Question

The electrostatic force between the metal plates of an isolated parallel plate capacitor C having a charge Q and area A, is: -
(1) independent of the distance between the plates.
(2) linearly proportional to the distance between the plates
(3) proportional to the square root of the distance between the plates.
(4) inversely proportional to the distance between the plates.

Answer 1

Hint: We are given a parallel plate capacitor. We know that the two plates are oppositely charged, the charges are equal in magnitude but opposite in polarity. and when connected to a source of emf, it conducts electricity but after it gets fully charged it stops, so there must be presence of an electric field.

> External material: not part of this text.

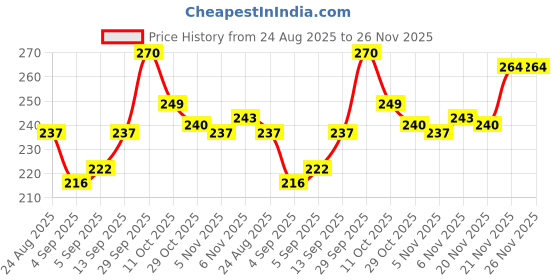 firstcry.com Babyhug Knit Full Length Woollen Pant with Heart Design - Pink babyhug Price History Graph from 24 Aug 2025 to 26 Nov 2025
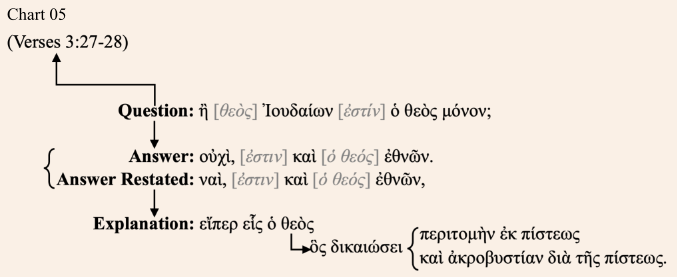 chart_05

Complete step by step answer:
Let q be the charge on each plate, the electric force is given as \[F=qE\]. Also, we know the electric fixed between two charged plates is given as \[E=\dfrac{\sigma }{2{{\varepsilon }_{0}}}\]
So, force becomes, \[F=\dfrac{q\sigma }{2{{\varepsilon }_{0}}}\]. Now we know \[\sigma \]is surface charge density, expanding it we get, \[F=\dfrac{{{q}^{2}}}{2A{{\varepsilon }_{0}}}\]
Thus, from the above equation, Electrostatic force is independent of distance between plates.

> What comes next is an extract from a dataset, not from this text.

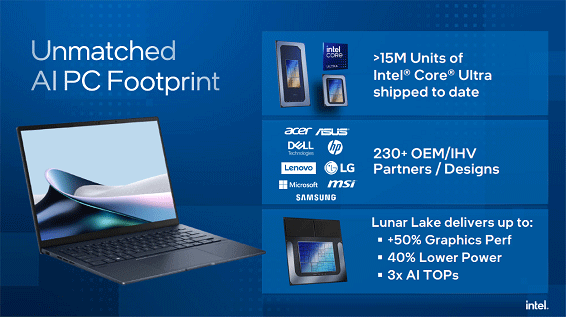 Unmatched AI PC Footprint / Intel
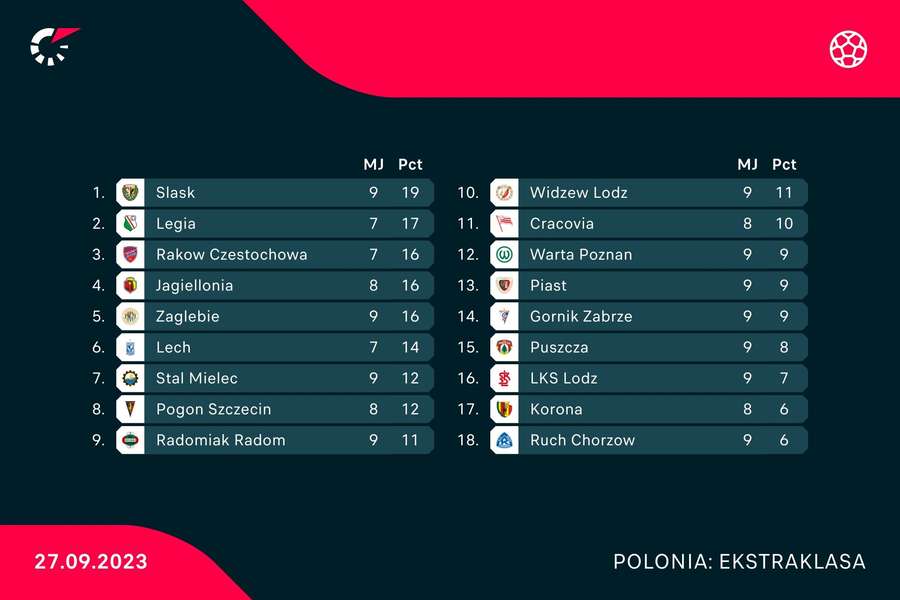 Clasament Ekstraklasa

So, the correct answer is “Option 1”.

Additional Information:
Apart from parallel plate capacitors, there exist a class of capacitors which are cylindrical in shape. A cylindrical capacitor consists of a hollow or a solid cylindrical conductor surrounded by another concentric hollow spherical cylinder. Here the length is the same for both but the radius is different. The charges are equal in magnitude but opposite in polarity.

Note:
While using the surface charge density the total charge is divided by the total area. We know for a conductor any excess charge resides on the surface of the conductor and there is no charge in the vicinity of the conductor. That's why the electric field inside a conductor is zero.